BIOMECHANICAL REGULATION OF CELL PROLIFERATION, EPITHELIAL-MESENCHYMAL TRANSITION AND INVASION

Abstract

Cells in epithelial tissues adhere to an underlying extracellular matrix (ECM) and respond to changes in its physical properties by altering gene expression and behavior. The mechanical properties of the ECM, including the matrix stiffness, are therefore central to developmental, physiological, and pathological processes. In the context of cancer, increased tissue stiffness and interstitial fluid pressure are inherent features of tumorigenesis, which promote malignant transformation of surrounding cells and correlate with poor survival. These processes depend on the synergistic effects of mechanical signals such as ECM stiffness and chemical signals such as Wnt, TGFβ and proteases in the cellular microenvironment. This dissertation explores how mechanical and biochemical signals are integrated to control cell behaviors including proliferation, apoptosis, epithelial-mesenchymal transition (EMT), and invasion. We used engineered substrata to recapitulate the mechanical stiffnesses of the normal mammary gland as well as that of breast tumors.

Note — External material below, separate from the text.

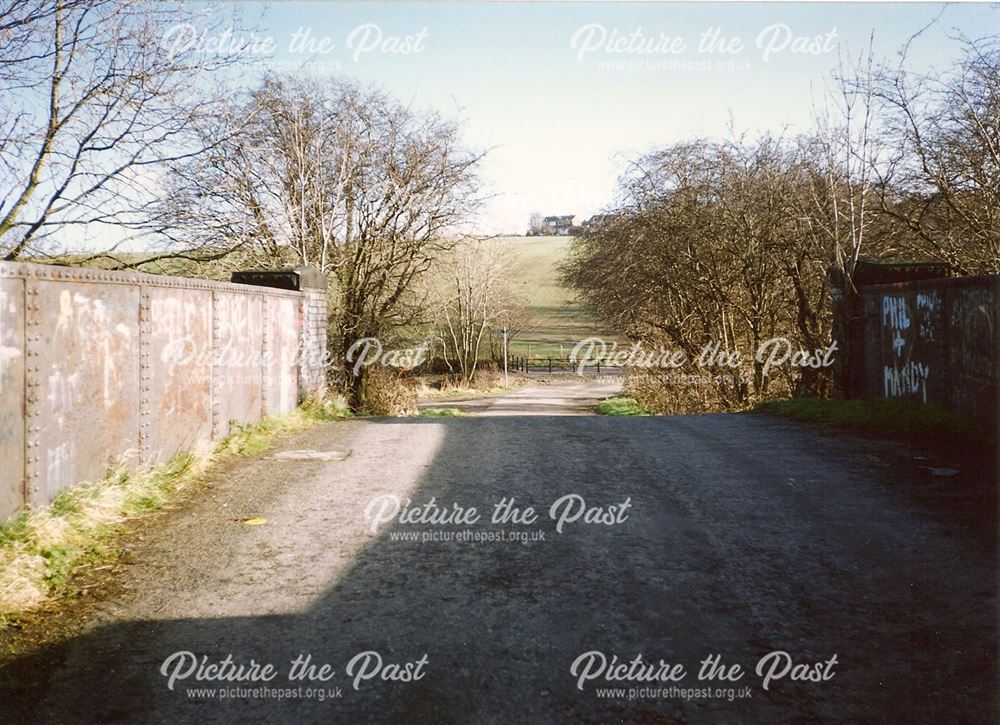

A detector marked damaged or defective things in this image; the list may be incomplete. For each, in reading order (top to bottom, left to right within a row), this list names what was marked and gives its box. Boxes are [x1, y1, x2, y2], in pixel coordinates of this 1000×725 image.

We found that exposure to Wnt3a increased proliferation of mammary epithelial cells cultured on stiff substrata, with compliances characteristic of breast tumors, but not of cells on soft substrata, with compliances comparable to that of normal mammary tissue. Depleting integrin-linked kinase (ILK), which functions as a signaling hub for cellular mechanotransduction, rendered cells unresponsive to Wnt3a on both substrata. Ectopic expression of ILK permitted Wnt3a to induce proliferation of cells on both microenvironments. We further showed that ILK regulates expression of the Wnt receptor frizzled-1 (Fzd1), suggesting the existence of a positive feedback loop between Wnt3a, ILK and Fzd1.

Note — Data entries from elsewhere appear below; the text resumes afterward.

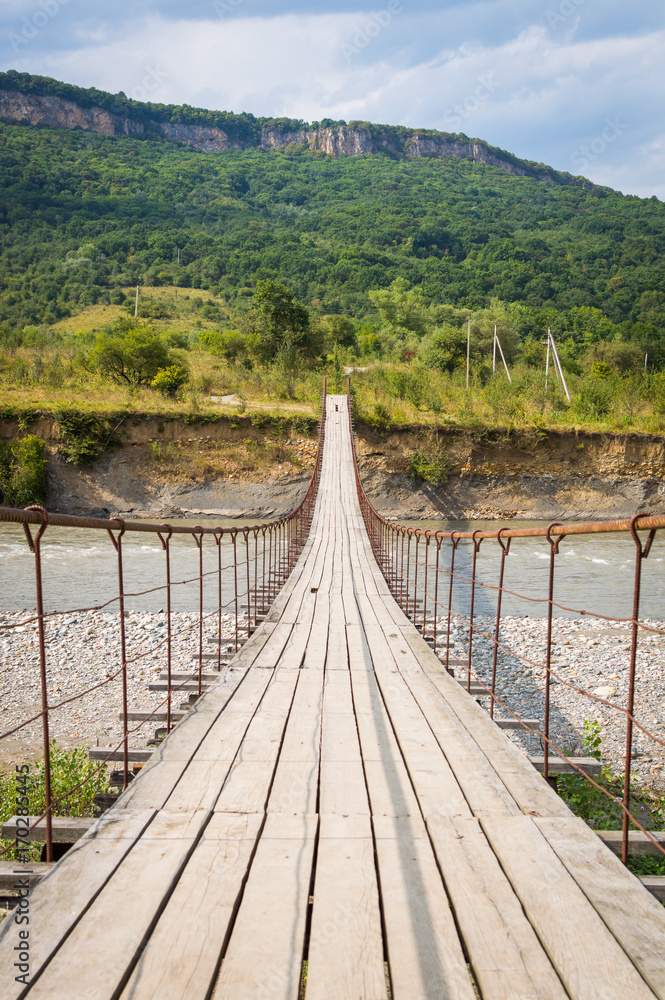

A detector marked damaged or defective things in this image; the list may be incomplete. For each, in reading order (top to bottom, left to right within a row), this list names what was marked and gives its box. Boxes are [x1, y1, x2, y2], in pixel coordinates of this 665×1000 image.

rusty metal railing [0, 380, 326, 860]
rusty metal railing [348, 378, 664, 864]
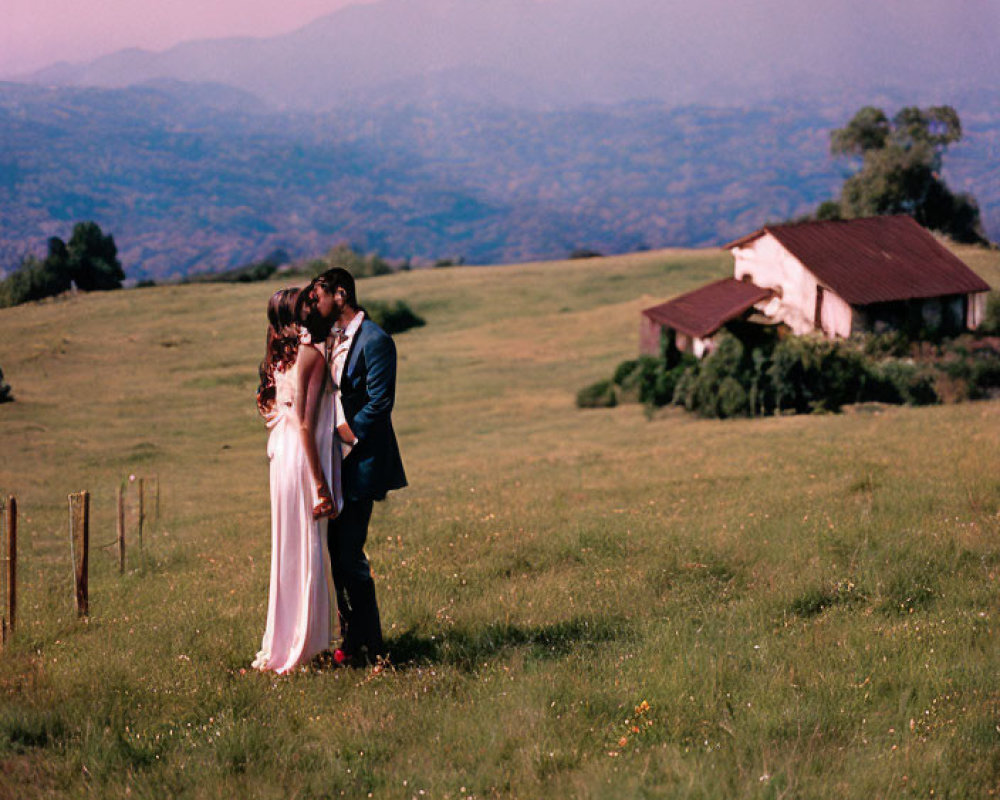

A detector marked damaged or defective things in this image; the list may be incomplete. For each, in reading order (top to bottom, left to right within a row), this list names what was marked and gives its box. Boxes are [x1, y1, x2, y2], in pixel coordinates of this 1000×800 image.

rusty metal roof [728, 214, 992, 304]
rusty metal roof [640, 276, 772, 340]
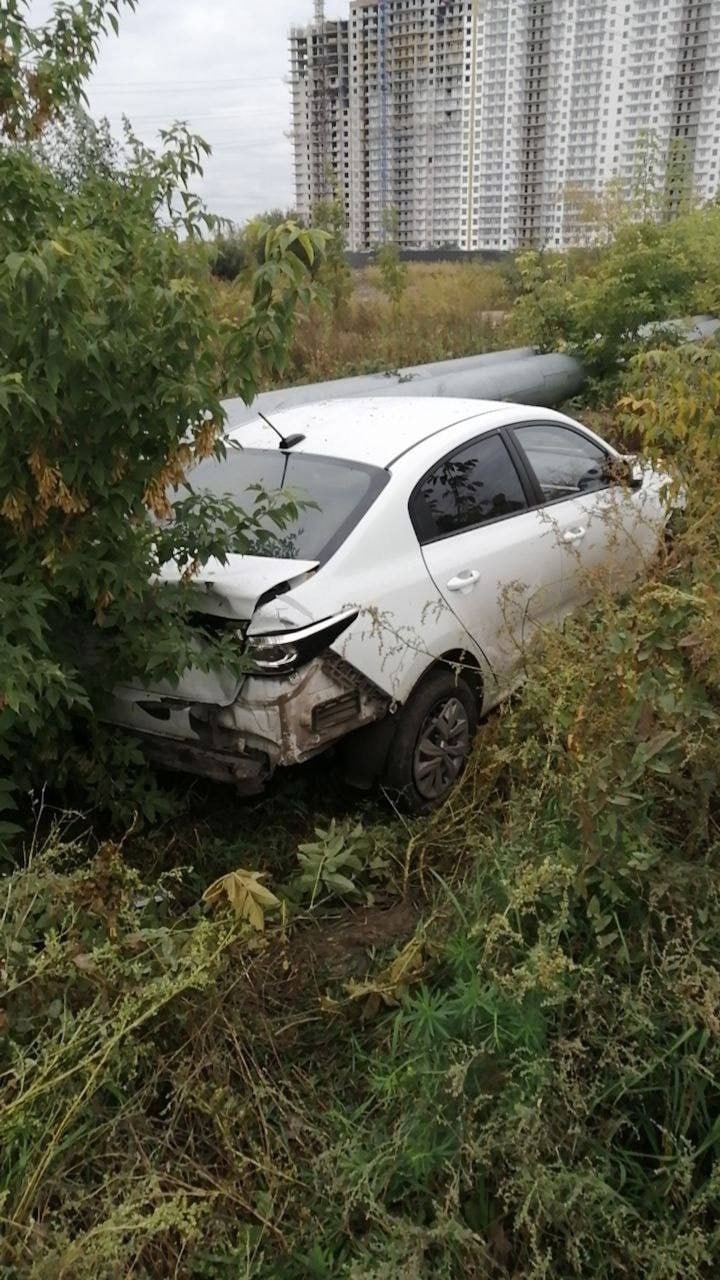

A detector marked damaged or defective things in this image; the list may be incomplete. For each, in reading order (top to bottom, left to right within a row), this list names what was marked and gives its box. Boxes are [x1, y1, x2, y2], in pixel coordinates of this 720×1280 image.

damaged white sedan [108, 396, 668, 804]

Following these findings, we examined the role of ILK and tissue stiffness in regulating cell fate in response to TGFβ1. We found that ILK controls the switch between apoptosis and EMT downstream of TGFβ1 through modulating the fine balance between cell-cell and cell-matrix adhesions. Specifically, depletion of ILK leads to increased E-cadherin-based cell-cell adhesion and cortical actin and decreased focal adhesions and stress fibers in mammary epithelial cells. These changes favor apoptosis and suppress EMT downstream of TGFβ1, regardless of matrix stiffness. Similarly, soft matrix also favors apoptosis downstream of TGFβ1 while stiff matrix promotes EMT, suggesting that depletion of ILK disrupts the ability of a cell to sense a mechanically stiff microenvironment.

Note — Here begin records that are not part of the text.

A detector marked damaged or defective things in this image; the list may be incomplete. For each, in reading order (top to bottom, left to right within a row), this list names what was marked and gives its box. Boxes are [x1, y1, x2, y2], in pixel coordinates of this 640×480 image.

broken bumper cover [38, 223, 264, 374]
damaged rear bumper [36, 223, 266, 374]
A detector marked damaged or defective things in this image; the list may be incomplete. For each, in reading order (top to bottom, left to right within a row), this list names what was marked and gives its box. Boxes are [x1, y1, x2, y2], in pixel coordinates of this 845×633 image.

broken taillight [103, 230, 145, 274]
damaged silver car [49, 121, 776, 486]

Taken together, these findings suggest that tissue mechanics regulates the cellular response to Wnt and TGFβ under physiological and pathological microenvironmental conditions. We also highlighted the role of ILK in mediating the responses to matrix stiffness and tuning the proliferative and potential tumorigenic behaviors of mammary epithelial cells to Wnt3a and TGFβ1. These results provide insight into the molecular mechanisms underlying the effects of a pathological microenvironment on neoplastic progression.